TASK DESCRIPTION:
Return exactly the lines from the "Caneca com Gel Congelante Personalizada" line through the last line of the entries below. Include no pictures.

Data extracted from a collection
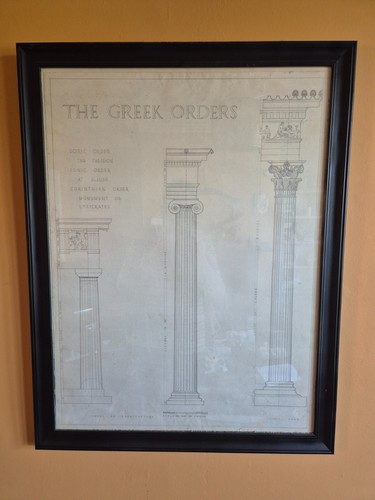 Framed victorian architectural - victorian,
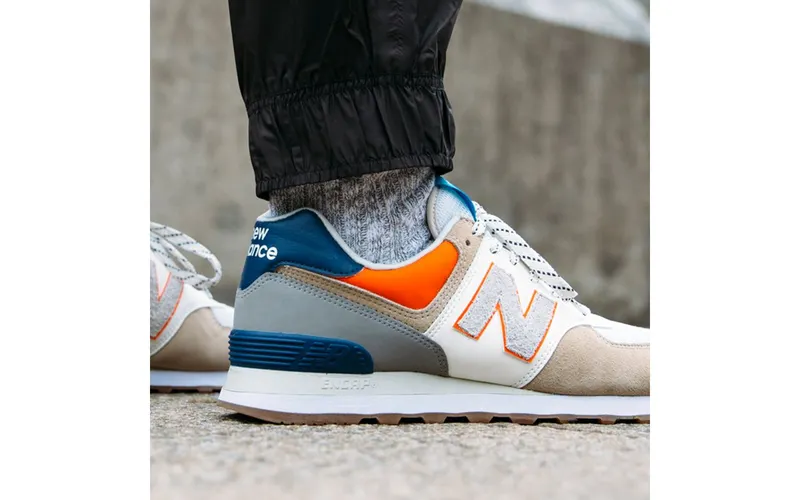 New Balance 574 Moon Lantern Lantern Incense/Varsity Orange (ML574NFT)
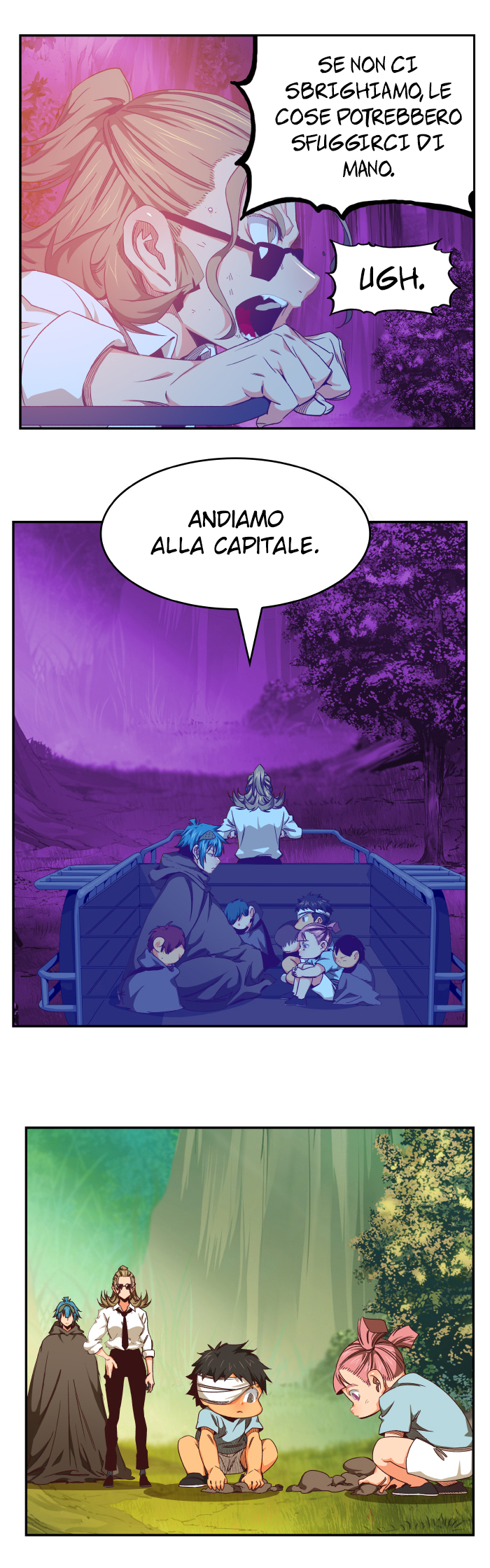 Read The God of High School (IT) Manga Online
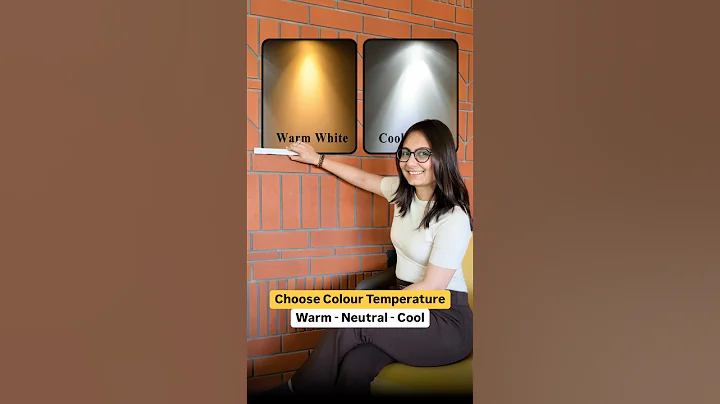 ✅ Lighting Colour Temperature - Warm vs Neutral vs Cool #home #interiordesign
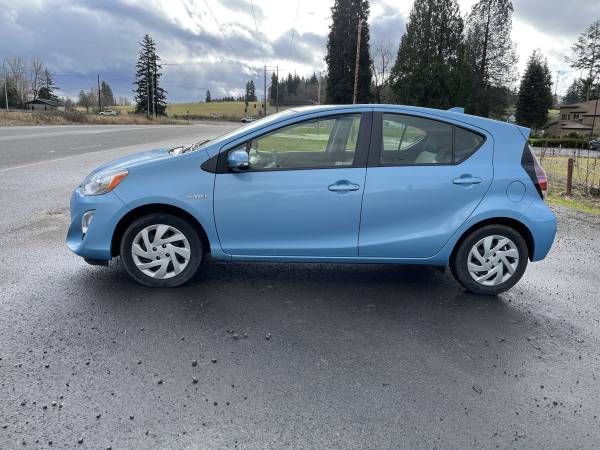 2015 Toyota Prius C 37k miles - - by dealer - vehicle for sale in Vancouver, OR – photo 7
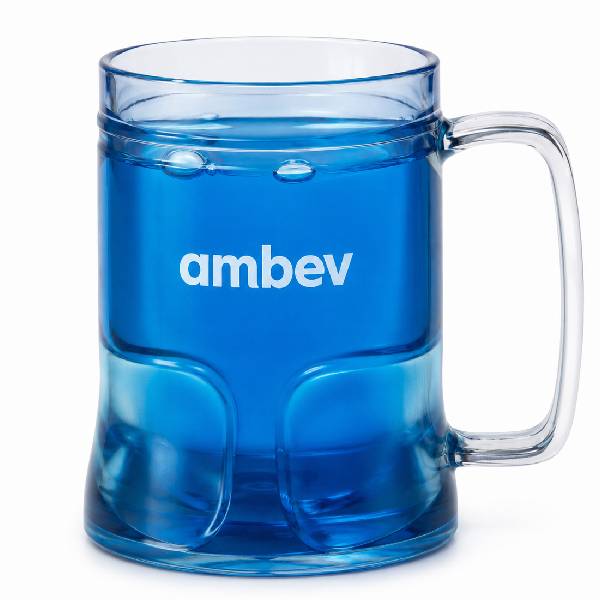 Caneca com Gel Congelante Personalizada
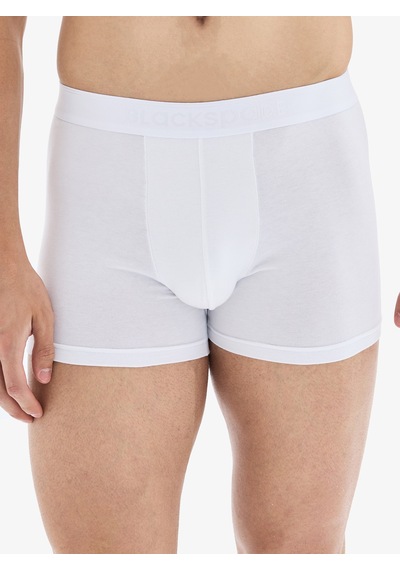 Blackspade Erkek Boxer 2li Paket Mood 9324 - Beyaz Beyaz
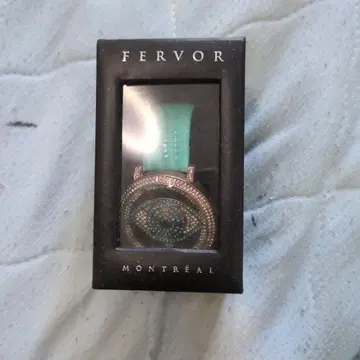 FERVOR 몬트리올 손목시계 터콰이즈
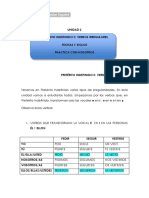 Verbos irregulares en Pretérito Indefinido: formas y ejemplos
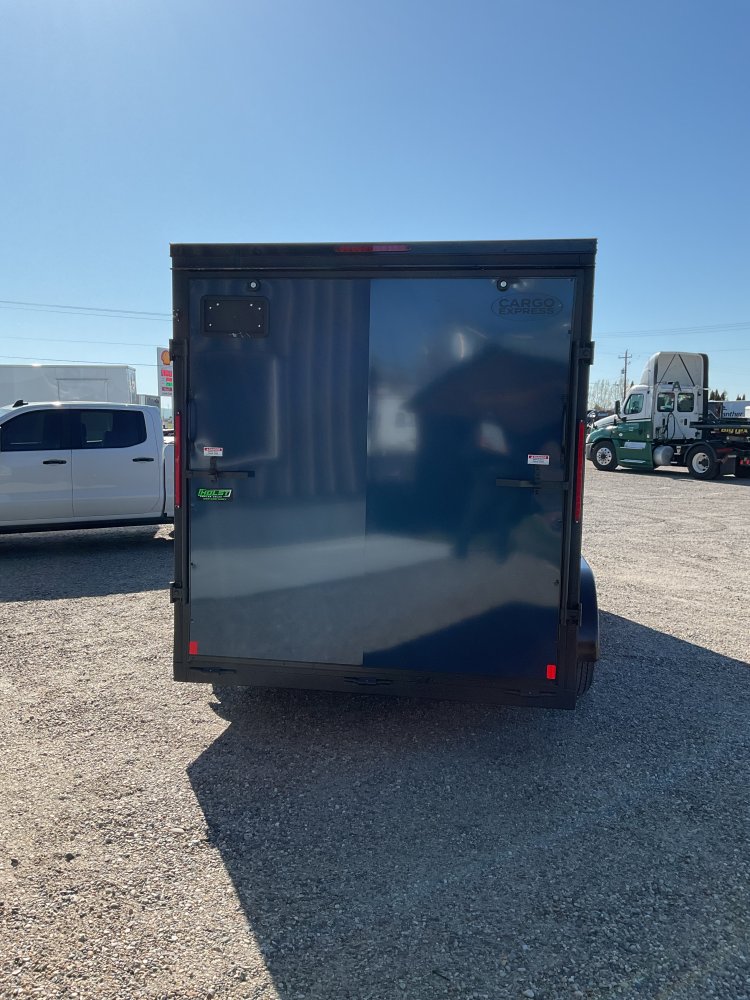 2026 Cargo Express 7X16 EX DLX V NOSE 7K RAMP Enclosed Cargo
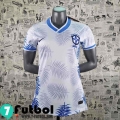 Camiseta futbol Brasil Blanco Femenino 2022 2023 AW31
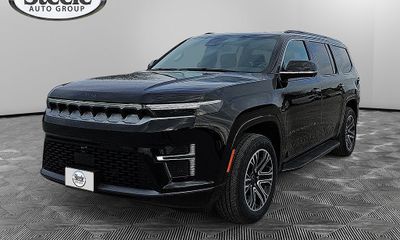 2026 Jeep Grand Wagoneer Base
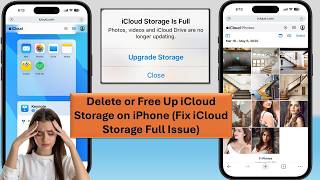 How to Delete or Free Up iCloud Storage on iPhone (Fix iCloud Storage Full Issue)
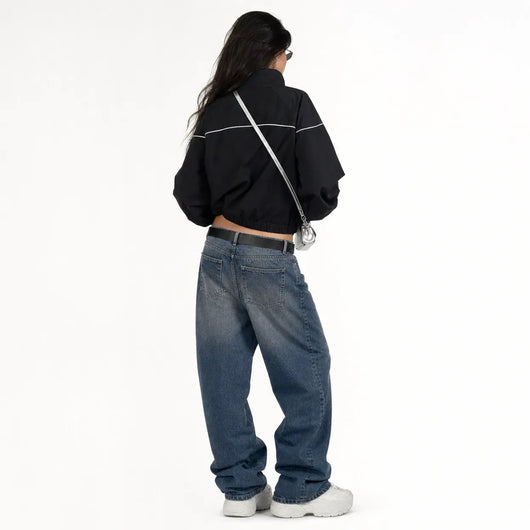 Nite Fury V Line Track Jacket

RESPONSE TO THIS EXERCISE:
 Caneca com Gel Congelante Personalizada
 Blackspade Erkek Boxer 2li Paket Mood 9324 - Beyaz Beyaz
 FERVOR 몬트리올 손목시계 터콰이즈
 Verbos irregulares en Pretérito Indefinido: formas y ejemplos
 2026 Cargo Express 7X16 EX DLX V NOSE 7K RAMP Enclosed Cargo
 Camiseta futbol Brasil Blanco Femenino 2022 2023 AW31
 2026 Jeep Grand Wagoneer Base
 How to Delete or Free Up iCloud Storage on iPhone (Fix iCloud Storage Full Issue)
 Nite Fury V Line Track Jacket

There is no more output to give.